If you have some leftover cauliflower it is delicious stirred into penne or fusilli pasta with some chickpeas and sliced cherry tomatoes, coated with the kale parsley sauce.
See notes for a vegan alternative.
- 4 oz (125 g) lacinato kale
- ¼ cup (34 g) pine nuts, more for garnish
- Shy ounce (26 g) Italian parsley
- 3 cloves garlic minced
- 2-3 anchovy fillets 1 tsp white miso paste for a vegan substitute, optional
- 2 TB capers rinsed and dried
- 2 TB red wine vinegar
- ¼ - ½ tsp red pepper flakes (Depending on how hot you want the sauce)
- ¼ tsp Kosher salt
- A couple of rounds of fresh black pepper
- ½ cup (125 ml) 125 ml extra virgin olive oil plus more for the cauliflower
- 1 large head of cauliflower
Make the kale parsley sauce
Fill a large bowl with ice water and set aside.
Bring a large stock pot half full of water to a boil. Add a teaspoon of Kosher salt to the pot. While the water is combing to a boil, clean and remove the stems from the lacinato kale. Chop the leaves into thirds. When the water reaches a brisk boil, add the kale and blanch for 2 minutes. Remove the kale from the boiling water with a spider or tongs and add to the ice water bath. Once the kale is cool to touch, drain from the water and spread out over a clean lint free kitchen towel. Gently pat dry. Set aside.
Toast the pine nuts. Heat a small skillet over medium high heat for 4 minutes. Add the pine nuts. Keep the pine nuts in constant motion so they do not burn. Shake the pan and move it back and forth on the burner, or stir with a wooden spoon. The pine nuts are toasted when you start to smell a warm nutty scent and the pine nuts are slightly browned in parts, about 1 minute. Quickly pour the pine nuts onto a plate to cool. Set aside.

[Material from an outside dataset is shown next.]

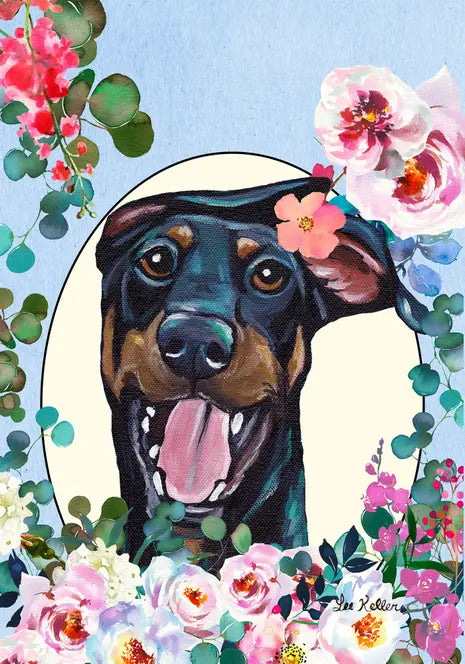 Doberman  - Hippie Hound Studios Spring  House and Garden Flags Best of Breed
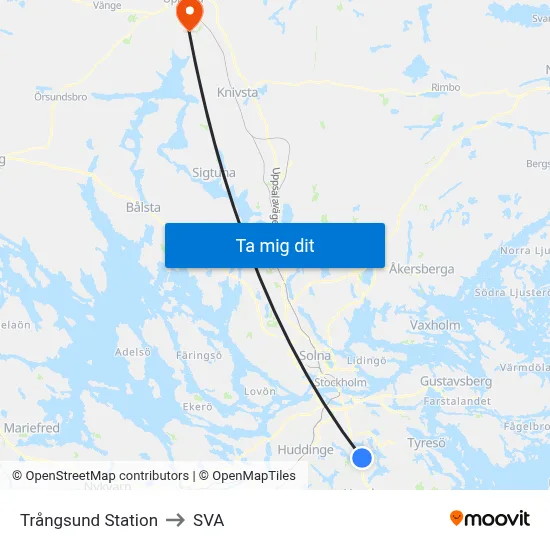 Trångsund Station to SVA map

Trim off most of the parsley stems and rough chop the parsley leaves.
In a bowl of a food processor or blender, add the blanched kale and give it a few pulses to break it up and start to make a purée. Add the parsley and pulse to blend.
Add the remaining ingredients, except the olive oil and pulse to create slightly textured purée. Taste and adjust the seasoning.

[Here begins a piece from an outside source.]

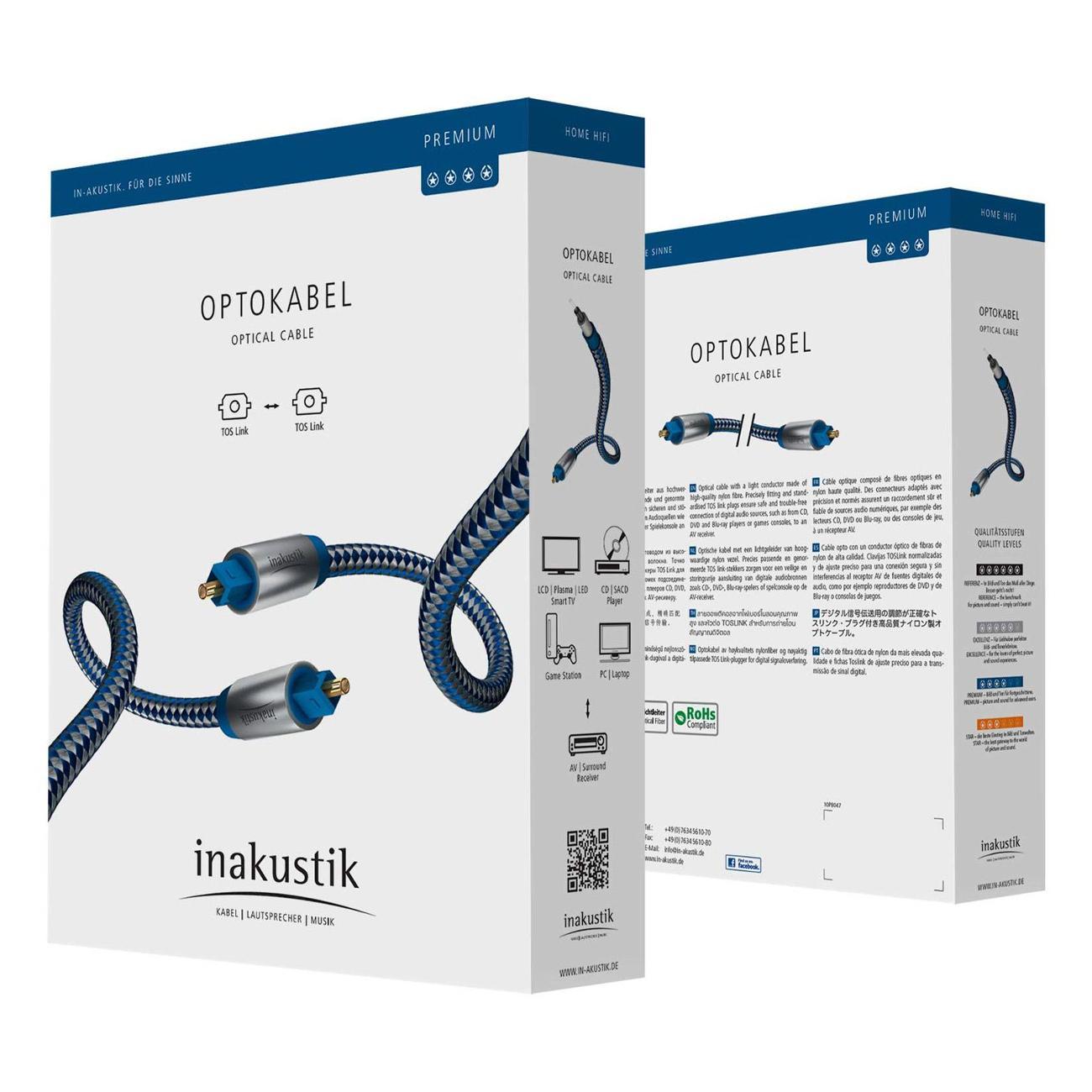 Кабель аудио-видео Inakustik Premium Optical Cable Toslink 1.0m, 0041201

Pour out the kale sauce into a small bowl and add the olive oil. Stir to combine. Cover with plastic wrap and set aside on the counter.
Preheat the oven to 375°F / 190°C / Gas Mark 5
Trim away any leaves from the base of the cauliflower head. Rest the cauliflower head on its bottom, stem end down, and cut the cauliflower head in half vertically. Push one half aside and cut ½ inch (1.5 cm) width slices making cauliflower steaks. You might only get two intact cauliflower steaks per side, and the remaining cauliflower may fall into pieces. Repeat with the other half.

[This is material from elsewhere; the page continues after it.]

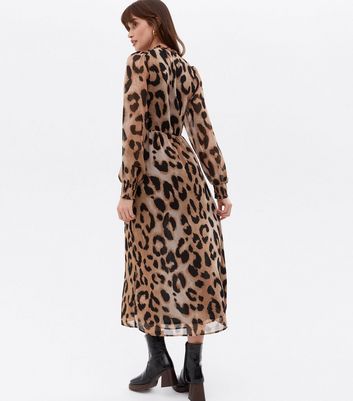 Click to view product details and reviews for Tall Brown Leopard Print Chiffon Frill Midi Dress New Look.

Spread the cauliflower steaks on a rimmed baking sheet and gently brush with olive oil on both sides. Sprinkle with Kosher salt and black pepper.
Heat a griddle pan or large skillet to medium high heat. I set my griddle to 325°F (160°C). When hot add the cauliflower steaks to the griddle or skillet and sear for about 5-6 minutes a side. Check after 4 minutes to see the progress. You want a nice brown sear along the flat surface of the cauliflower. Carefully turn the cauliflower steaks over and sear the opposite side.
Place the cauliflower steaks on a large rimmed baking sheet and roast in the oven until the cauliflower is tender in the middle, about 10-12 minutes.
Plate the cauliflower steaks on a serving platter or individual plates, and drizzle with the kale parsley sauce. Garnish with pine nuts and chopped parsley and sliced grape tomatoes.
Serve with grains or grilled or roasted meats and chicken.
If you want to make this a vegan meal, omit the anchovies and add white miso paste. Start with a teaspoon of miso paste and taste. It will give the kale parsley sauce some body similar to the anchovies, but you lose some of the Tuscan vibe in the sauce. Another alternative is just omit the anchovies and add more capers to your liking.